Credo che questo costituisca un ostacolo, ma non solo per chi si dedica allo studio della musica. La musica apre le menti e insegna a essere ricettivi emotivamente. Tutti dovrebbero essere educati alla musica, a prescindere dal voler diventare o meno musicisti. Potrebbe contribuire a una società migliore, lo dico senza retorica. La sensibilità e la capacità di far funzionare il cervello al meglio sono elementi fondamentali per una società sana e civile e lo studio della musica aiuta nella crescita di questi elementi, quanto se non più di altre discipline.

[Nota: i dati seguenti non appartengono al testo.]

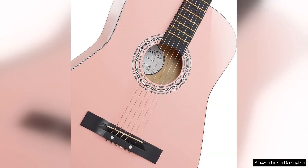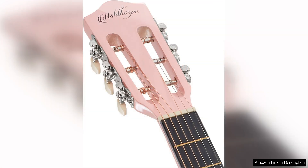This package comes with everything a beginner needs to get started, including a sturdy gig bag which makes transportation a breeze. The gig bag is well-padded and protects the guitar while on the go, making it perfect for students or those who like to jam with friends. The included accessories — such as an extra set of strings, picks, and an instructional booklet — show that Ashthorpe has thoughtfully considered the needs of new players.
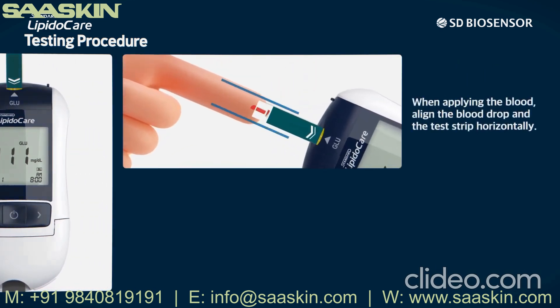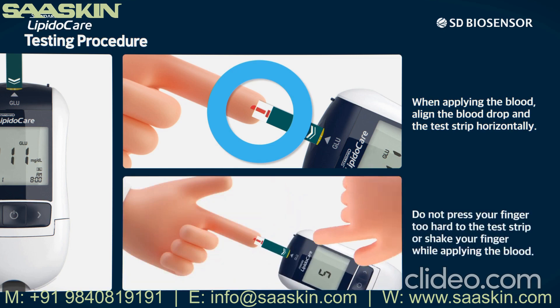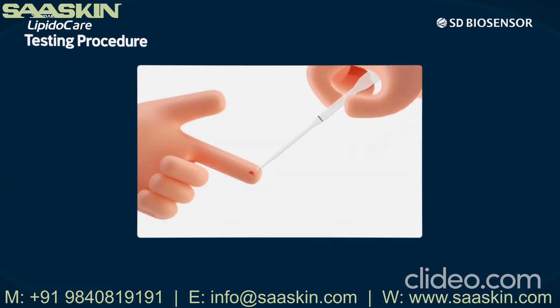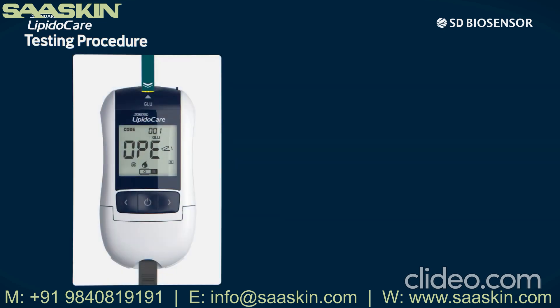When applying the blood, align the blood drop and the test strip horizontally. Do not press your finger too hard to the test strip or shake your finger while applying the blood. Collect the blood up to the marked black line of the Standard Easy Tube Plus — lightly hold the tube to the blood and it will be drawn upwards due to the capillary phenomenon.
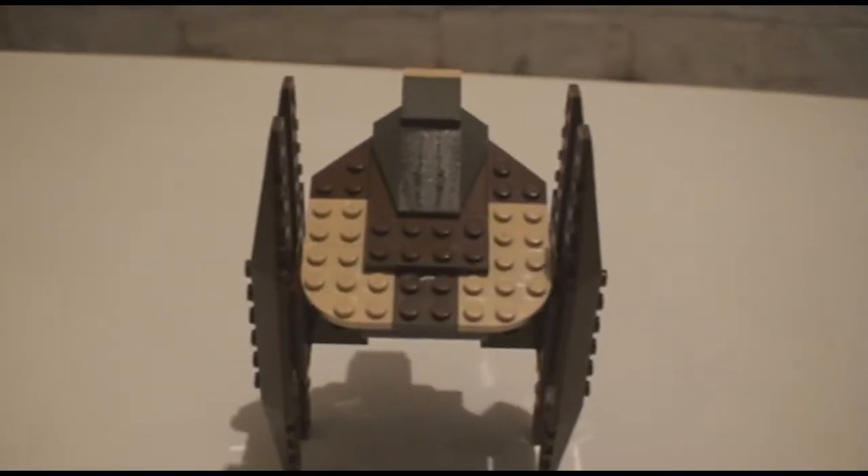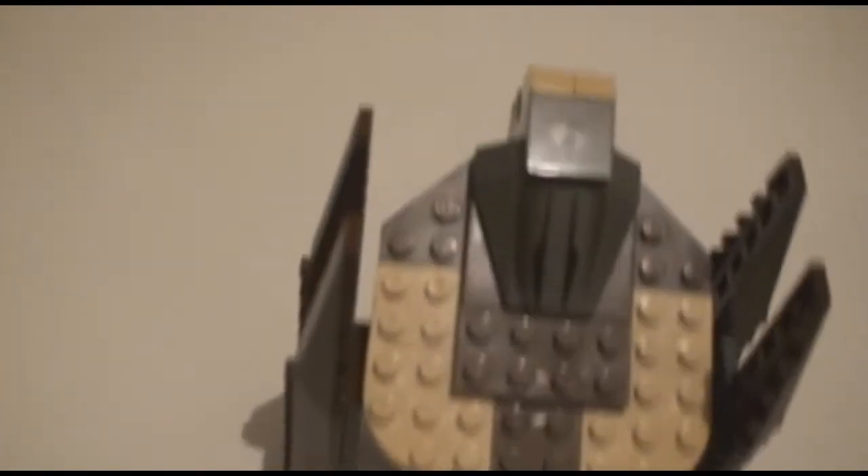This came out, like, 1999 — like, 11 years ago. They don't know that it's 2010, and it was first made in 1999.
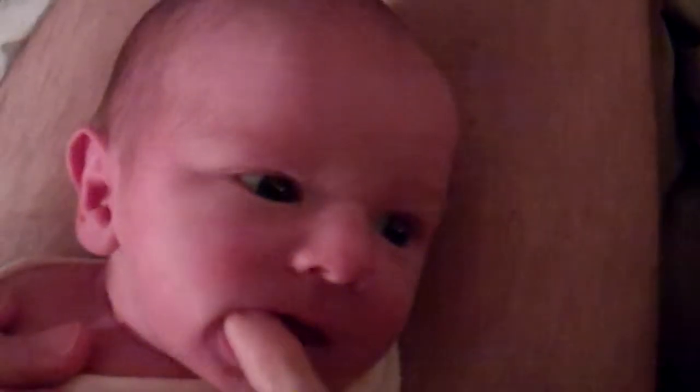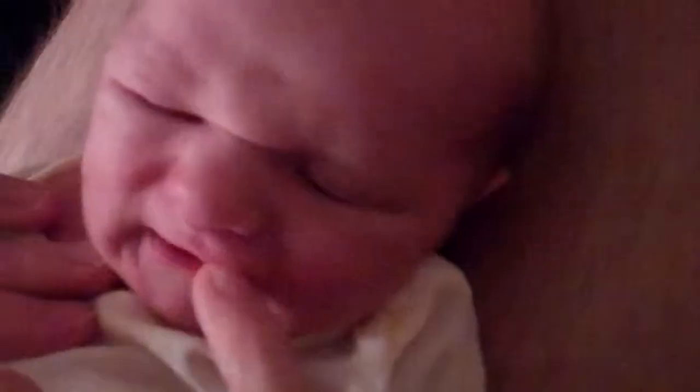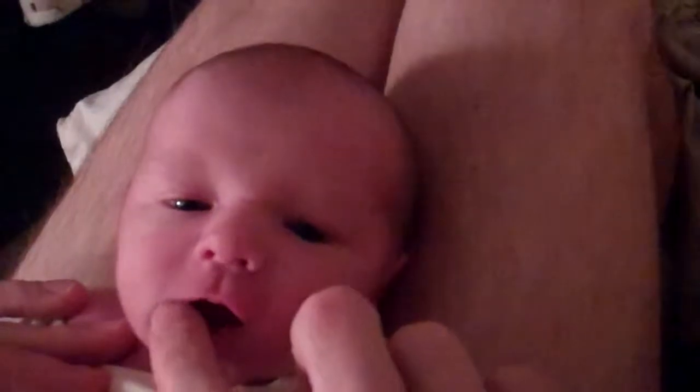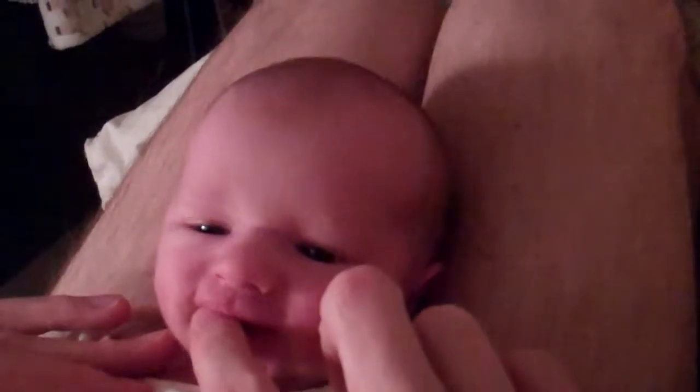This is Daddy doing Tavin's facial exercises and stretches after his tongue clipping, because he was tongue tied. This helps stretch his baby facial and mouth muscles to help him be a better feeder.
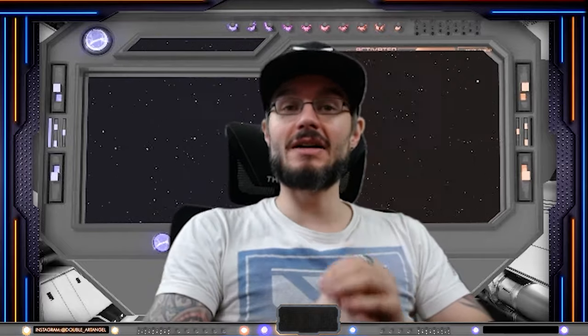Hey guys, Dumbledorethangel here. Welcome to my channel and to my new series RSP, reviewing specific products.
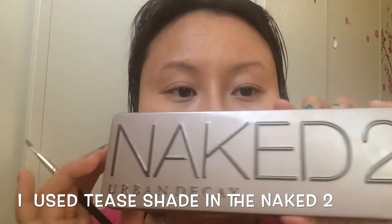Let's move on to eyebrows. First I use a pencil to draw the frame for the eyebrow. Then I use the powder in the Naked Dew palette to fill in my eyebrow.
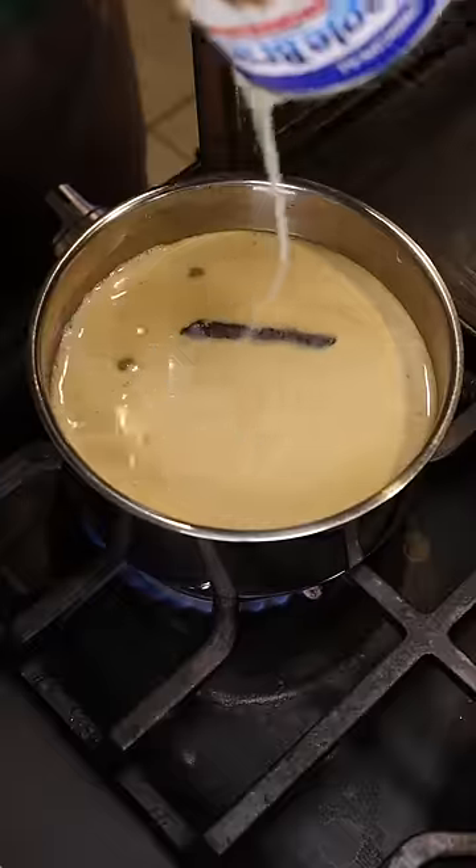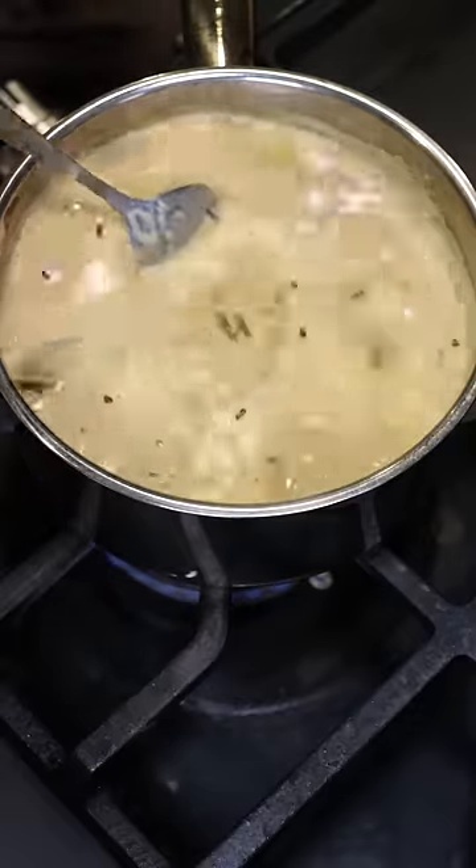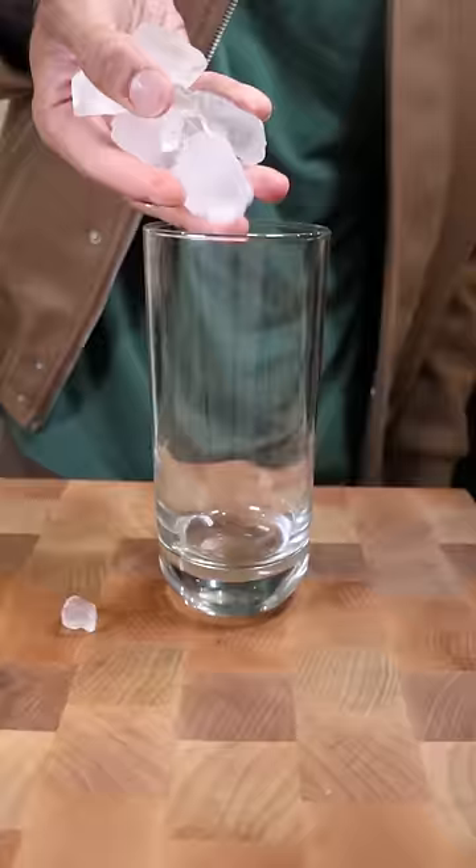Then add in some milk, evaporated milk, and sweetened condensed milk. Bring this up to a boil and let it simmer for at least 10 minutes.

Non so se risponde a verità, ma i calabresi hanno fama di persone dal carattere forte e non sempre disponibili ad accettare le opinioni contrarie. Come si trova Raffella nel ruolo di interprete che deve conciliare le proprie opinioni con quelle del direttore e del regista?
Generalmente non amo i luoghi comuni, da musicista ho una mente piuttosto libera e priva di schemi. Sono sempre pronta ad accogliere nuove proposte e nuovi punti di vista e non ho, solitamente, problemi a mettermi in discussione. Trovo estremamente stimolante confrontarmi e prendere in considerazione le diverse prospettive. Con registi e direttori che si confrontano con tatto non ci sono mai problemi.
Quale personaggio è nei suoi programmi futuri, o meglio che le piacerebbe interpretare?
Tanti, ognuno al tempo giusto. Sicuramente i ruoli seri di Rossini. E poi Charlotte nel Werther, sicuramente Carmen e altri ruoli del repertorio francese.
I prossimi impegni dopo Martina Franca?
Volerò subito a Seul per Così fan tutte, al rientro in Italia il debutto come Isabella ne L’Italiana in Algeri, l’inaugurazione della stagione dell’Orchestra della Toscana cantando nello Stabat Mater di Rossini diretto da Gianluigi Gelmetti, il debutto alla Royal Opera House di Muscat nell’opera Lakmè di Delibes.